--- Problem requirements ---
Copy each line below as written, but skip the pictures.

--- Material provided ---

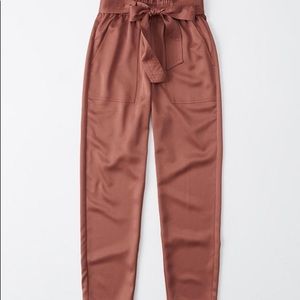 Satin High Wasted Pants with Utility Pockets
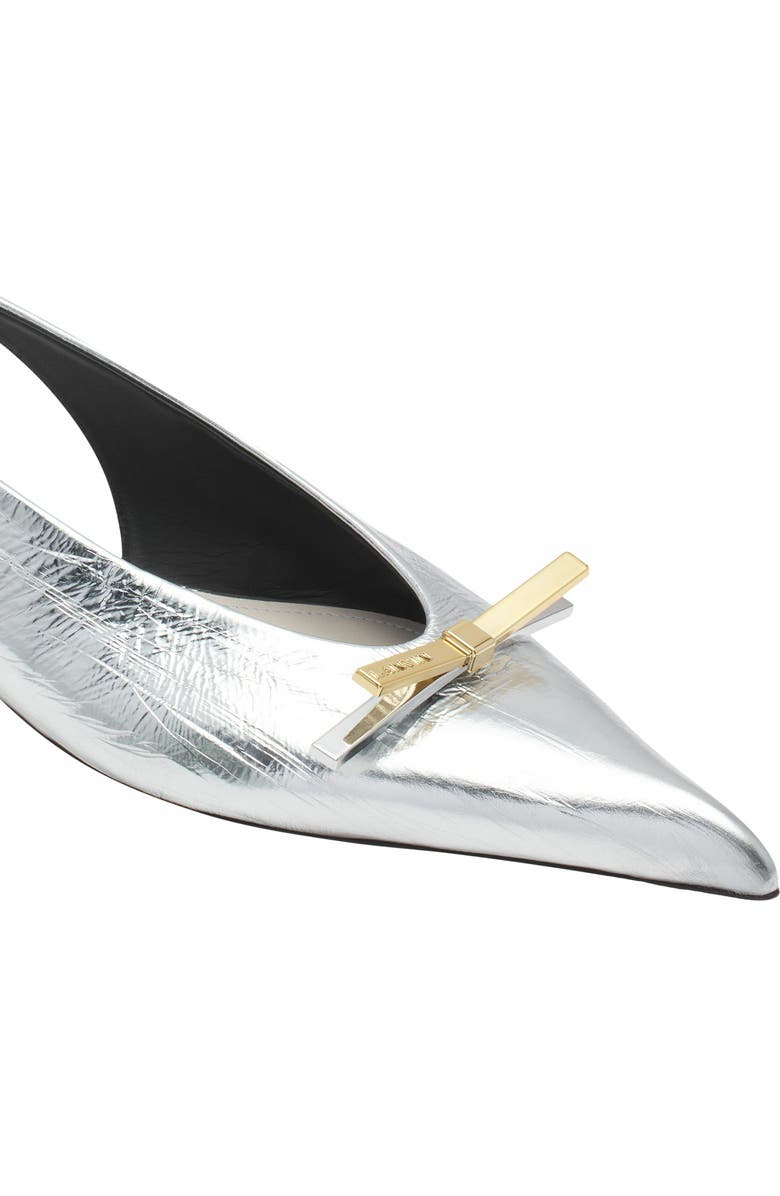Lanvin Bow Slingback In Metallic Leather, Alternate, color,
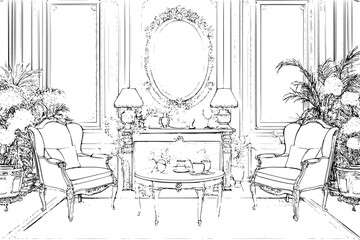 Interior design of Exhibition center, coloring book Exhibition center vector graphic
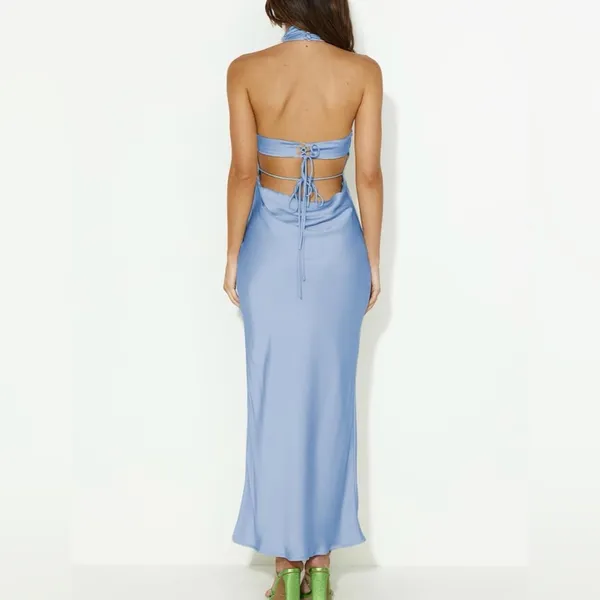 Elegant Light Blue Halter Neck Dress Size L - Image 2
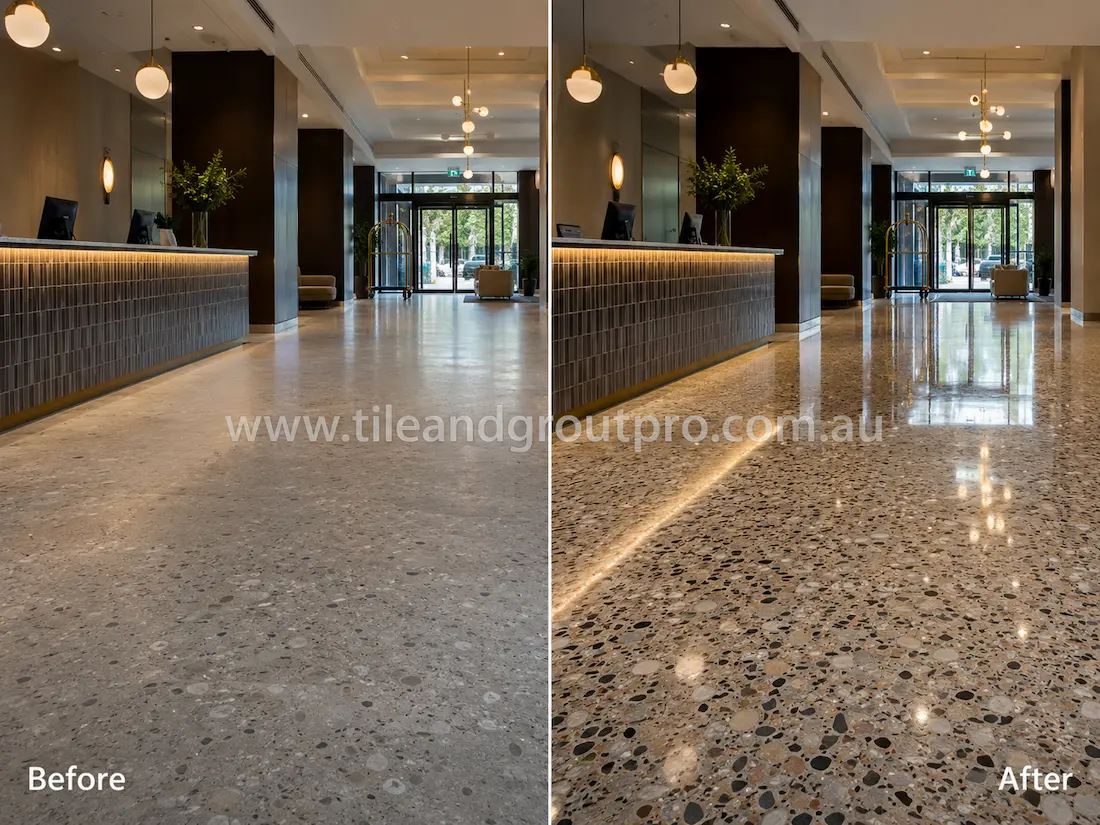 Grey marble staircase and landing tiles with dull finish and light etching before stone polishing in a modern interior.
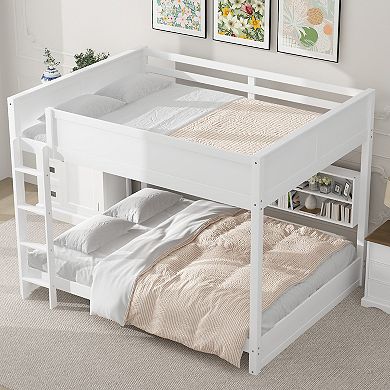 Queen over Queen Bunk Bed with Storage Cabinets and USB Ports White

--- Answer ---
 Satin High Wasted Pants with Utility Pockets
Lanvin Bow Slingback In Metallic Leather, Alternate, color,
 Interior design of Exhibition center, coloring book Exhibition center vector graphic
 Elegant Light Blue Halter Neck Dress Size L - Image 2
 Grey marble staircase and landing tiles with dull finish and light etching before stone polishing in a modern interior.
 Queen over Queen Bunk Bed with Storage Cabinets and USB Ports White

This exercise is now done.